そして今回はJITCO(財団法人国際研修協力機構)が「アリバイ的」に実施した外国人実習の巡回指導において、違反の発覚が7397件把握されたことを取り上げます。敢えて「アリバイ的」と表記したのには明確な根拠があります。
現在、外国人研修生としての入国者数は約9万人、実習生とを合わせた数は15万人を超えています。JITCOの報告書(「2006年度版JITCO白書」による)においても、2005年度単年度のみの研修生が57,050人(内訳として「団体監理型」に49,480人、「企業単独型」に7,570人)となっており、原則、研修期間と実習期間との合計期間が3年間なので、概数として計15万人超といわれる数値とは符号します。
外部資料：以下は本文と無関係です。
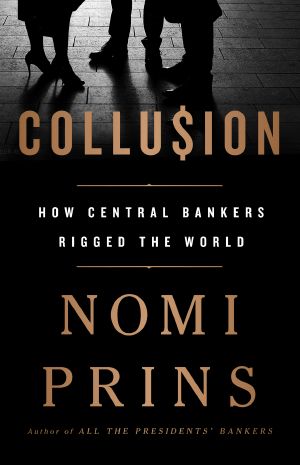 Collusion_How Central Bankers Rigged the World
JITCOは2006年度、受入れ先の6206事業所に対して巡回指導をおこない、うち違反件数が7397件発覚したとのことです。JITCOの巡回指導は、対象事業所には数週間前に事前連絡が入り、調査項目は毎回ほぼ同じで、20分程度で終了するということです。これは巡回指導を受けた事業所の証言ですので事実であろうと思われます。さらに驚くべきことに、事前連絡を受けた事業所は、月額基本給や残業手当、寮費などを数ヶ月に遡り改ざん作業をおこなうと証言しています。東海地方のある衣類加工の経営者の証言として、改ざんした台帳には、月額基本給約12万円、残業代約1万円、寮費・光熱費の天引き2万5千円などと記入した賃金台帳や実習日報をJITCOに見せたと語っています。事実は、基本給5万円、残業手当は時間当たり300円強、改ざんした実習日報には「検品作業」「ファスナーの付け方」等々、実習項目を羅列したそうです。これも実態は、ただひたすらアイロン掛けをさせているだけだそうです。「突っ込んだ質問はなく台帳類もぱっと見た程度。何もばれなかった」と、その経営者は語っています。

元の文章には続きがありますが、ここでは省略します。